If your contact is interested, I have an alternative for them.
Ruairi
Cheers Ruairi,
I’d be interested in the alternative. I’ll be in touch shortly.
Good post Robert, they must be some shower eh!
would this only affect port 110? i wonder what other kind of snooping they are doing. probably some port 80 stuff as well. this is almost as bad as meteor and trying to disable STARTTLS on port 25 even though they will probably say its for preventing spam
They are probably proxying as well Dan, I know quite a few ISP’s provide transparent proxying to their customers.
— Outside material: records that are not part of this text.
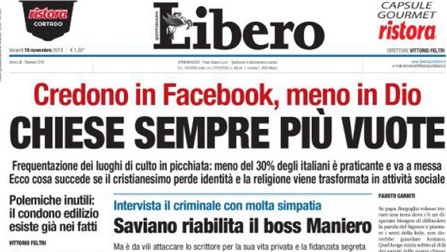 Le prime pagine dei giornali venerdì 16 novembre 2018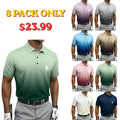 Men's Gradient Golf Sports Polo Shirts Short Sleeve Polo Shirts Collared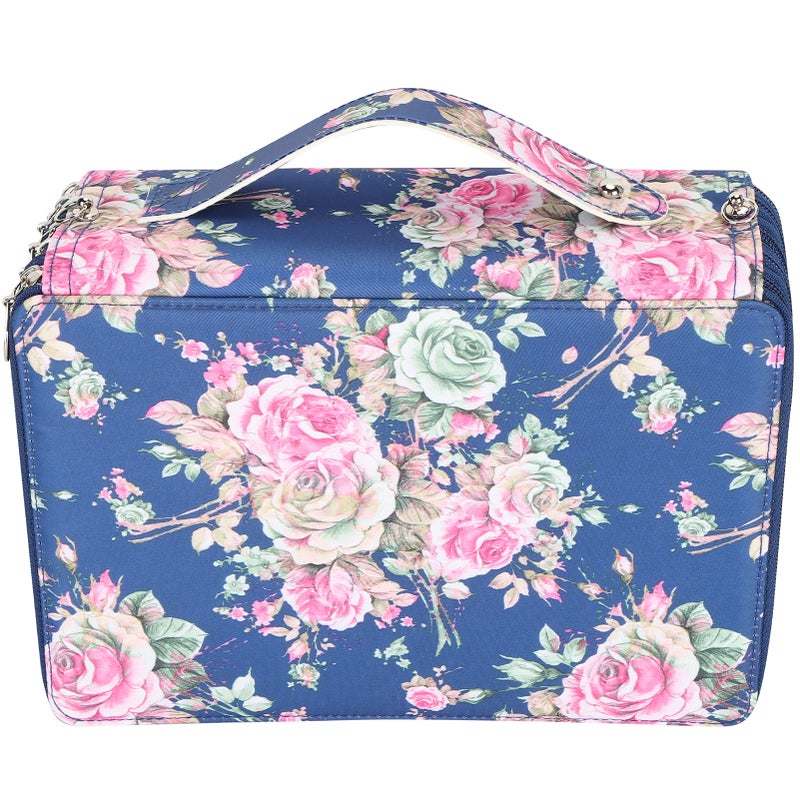 Pencil Case Rose Printed Multi Layer Zipper 252 Slots Portable Pen Holder Storage Pocket(Blue Background Rose ) - Image 2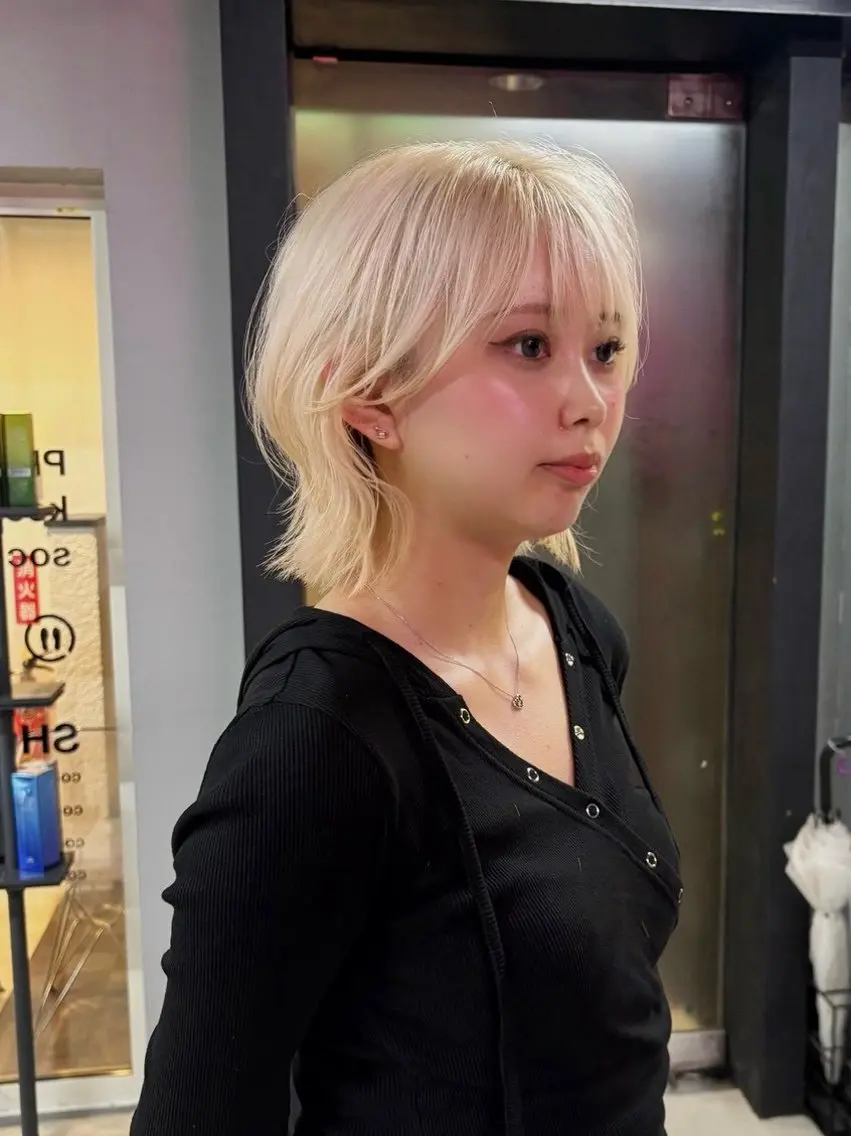 ミディアム カラー ブロンド レイヤーカット カット ヘアカラー 札幌パーマ/ レイヤー/後藤海音のヘアスタイル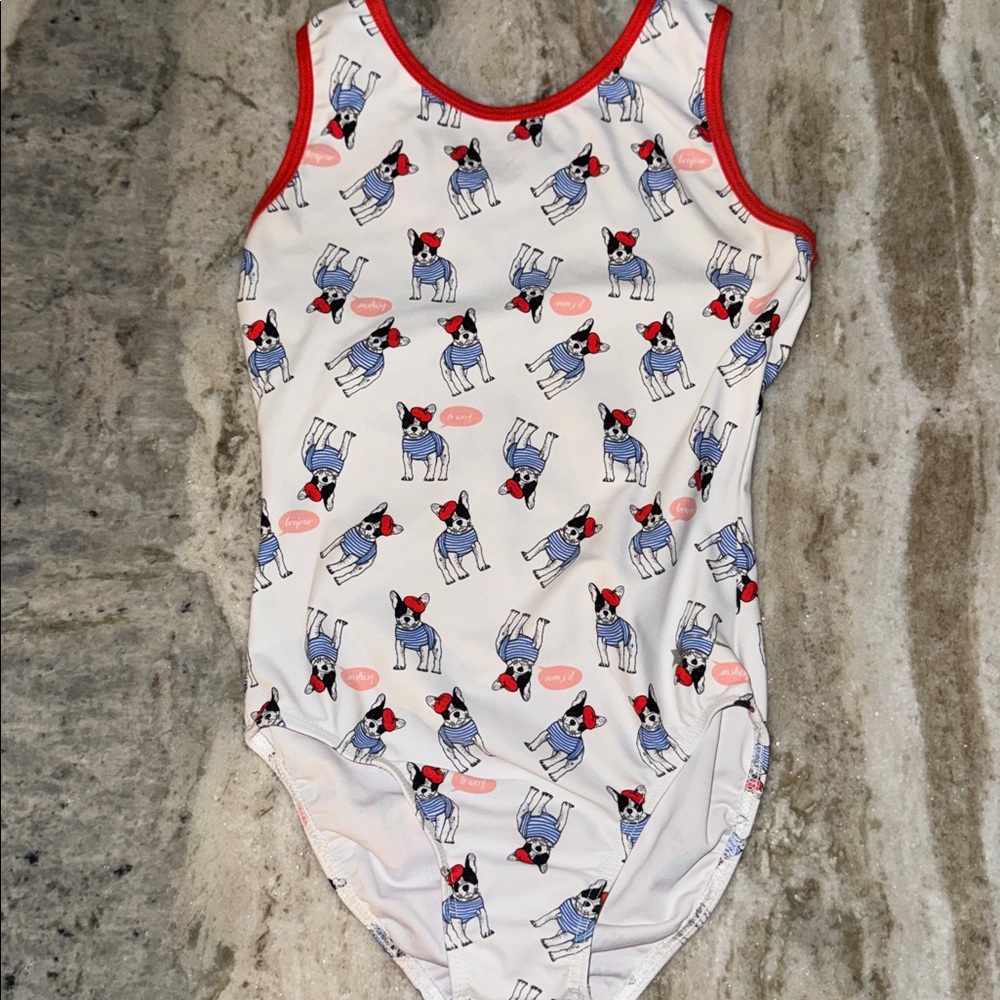 Destira French bulldog girls gymnastics leotard
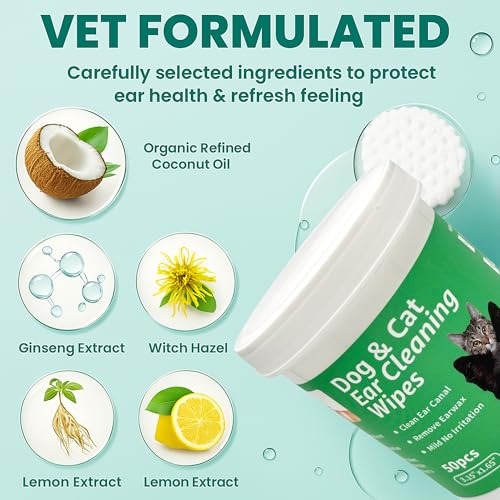 Image of CTWPets Dog & Cat Ear Cleaning Wipes, Green Tea Scent, 50 Count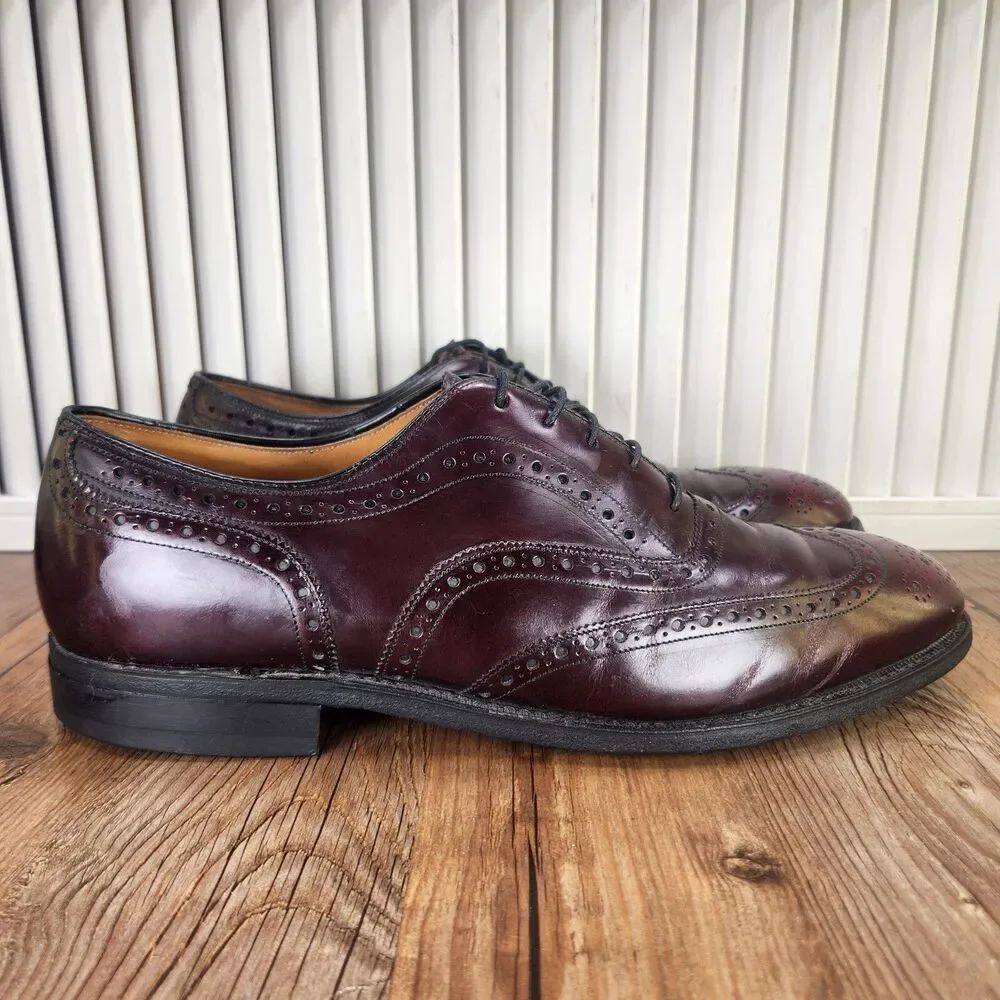 VTG Johnston & Murphy Heritage Mens Sz 10D Red Wingtip Brogue Oxford Dress Shoes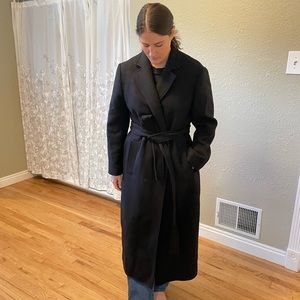 Black ZARA long robe coat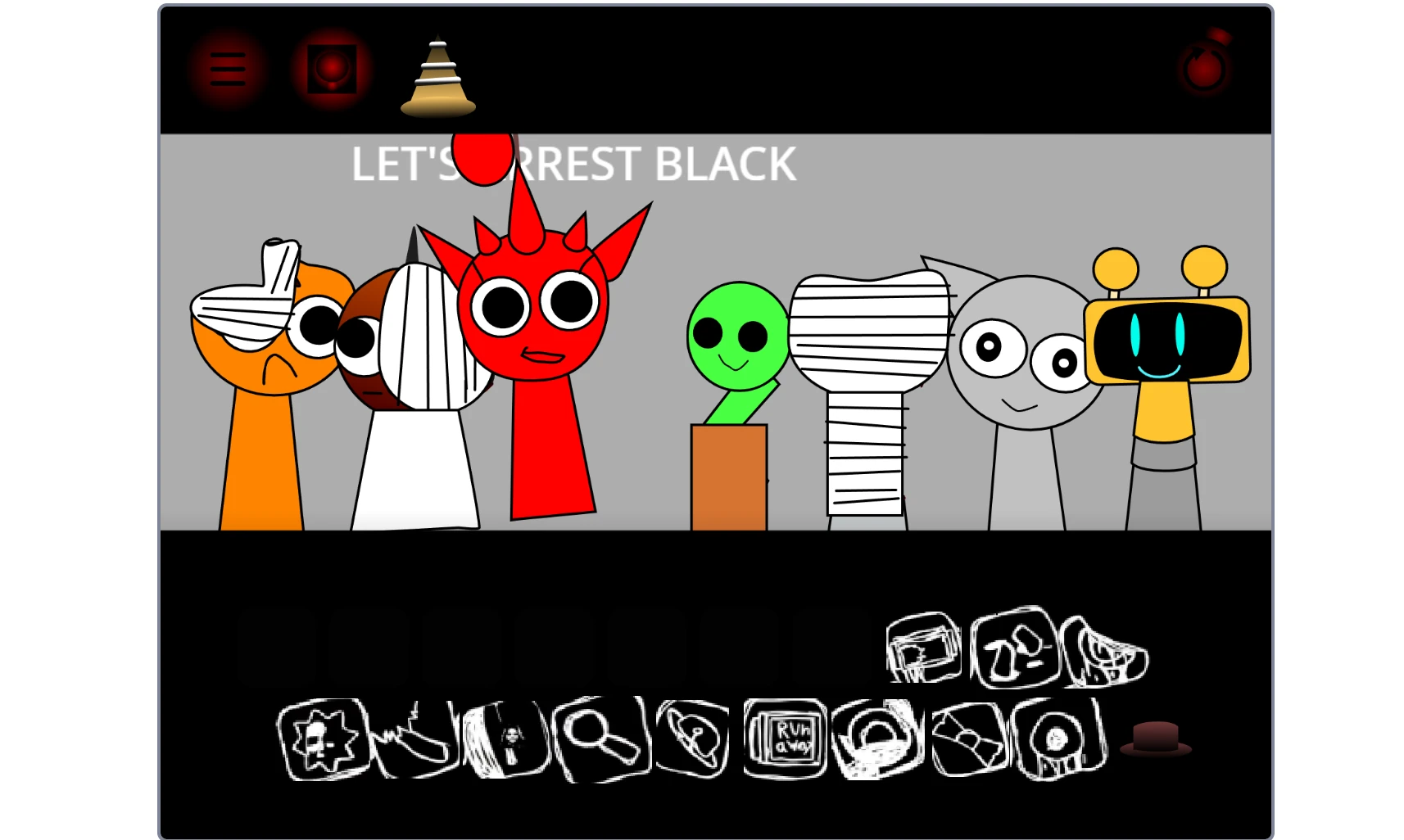 Sprunki Phase 14 Alive music creation interface with sound options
That’s not necessarily a bad thing as it can actually speed things up a bit for the customers. Modifying that content is another story though!
they aint cheap either! 100 Quid for 3mb connection…
i remember NTL used to have a hidden proxy for web serving years ago, but lucky its gone now… why are eircom still using insecure pop3 though? if your ISP can take your details and pass them on as their own, and take the response, mess with them and pass them back to you, its not very secure on eircom’s part either… Gmail have secure pop3 and secure imap so this cant happen… why dont eircom?
Tiernan,
POP3 is comparitively insecure anyway. Sending plaintext passwords etc.
For the average user setting up a POP3 account is relatively simple plus don’t forget that a large majority of people with eircom.net mail addresses are probably using eircom as their ISP. Setting up an encrypted POP account is adding an extra level of complexity for people who can’t/don’t want to know about these sort of things. They just want to access their mail.
In the case above she had already made her connection to eircom, her ISP’s firewall is busy listening to all traffic on port 110. It can probably scan all other traffic too.
can she not use TLS on the POP3?
Shite! I missed your comment until now Dan, Sorry!
I don’t think eircom support TLS on POP3 yet.